Tim Dayung Bapenda Kota Batam dalam kejuaraan Sea Eagle Boat 2025 di Belakang Padang, Batam-Edisi/ist.
EDISI.CO, BATAM– Tim Dayung Badan Pendapatan Daerah (Bapenda) Kota Batam memborong medali pada dua dari tiga nomor dalam gelaran Batam Sea Eagle Boat 2025. Pada lomba yang terlaksana di kawasan pelabuhan Pulau Belakang Padang, Batam pada 28-30 November 2025 ini, tim Bapenda Batam 2 menang di nomor Instansi atau lokal dan tim Bapenda Batam 2 juara di nomor Umum atau Internasional.
Sementara untuk nomor Exsebishi, dimenangkan oleh tim Kampung Gundap. Disusul tim Pulau Lengkang A dan Lengkang B di urutan kedua dan ketiga.
Kepala Bidang Perencanaan, Pendapatan, Evaluasi dan Sistem Informasi (Pevsi) Bapenda Batam, M. Isa Isnandar, mengatakan tim Bapenda Kota Batam 2 mencatatkan waktu 5,39 menit pada nomor Instansi.
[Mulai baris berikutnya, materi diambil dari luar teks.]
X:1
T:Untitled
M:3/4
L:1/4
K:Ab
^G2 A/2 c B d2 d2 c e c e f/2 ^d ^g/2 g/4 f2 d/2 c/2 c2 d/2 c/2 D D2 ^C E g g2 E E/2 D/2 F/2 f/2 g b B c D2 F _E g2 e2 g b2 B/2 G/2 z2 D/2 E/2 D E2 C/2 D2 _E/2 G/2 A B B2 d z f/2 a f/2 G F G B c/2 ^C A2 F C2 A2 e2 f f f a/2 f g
Unggul atas tim Dinas Perhubungan Batam yang menuntaskan lomba dalam waktu 5,49 menit. Disusul tim Disbudpar Batam dengan waktu 5,51 menit.

Selanjutnya, tambah Isa, tim Bapenda Kota Batam 1 mencatatkan waktu 4,57 menit di nomor Umum. Disusul tim Gajah Mada dari Jawa Barat dengan catatan waktu 5,02 menit dan tim Hulu Balang dengan waktu 5,09 menit.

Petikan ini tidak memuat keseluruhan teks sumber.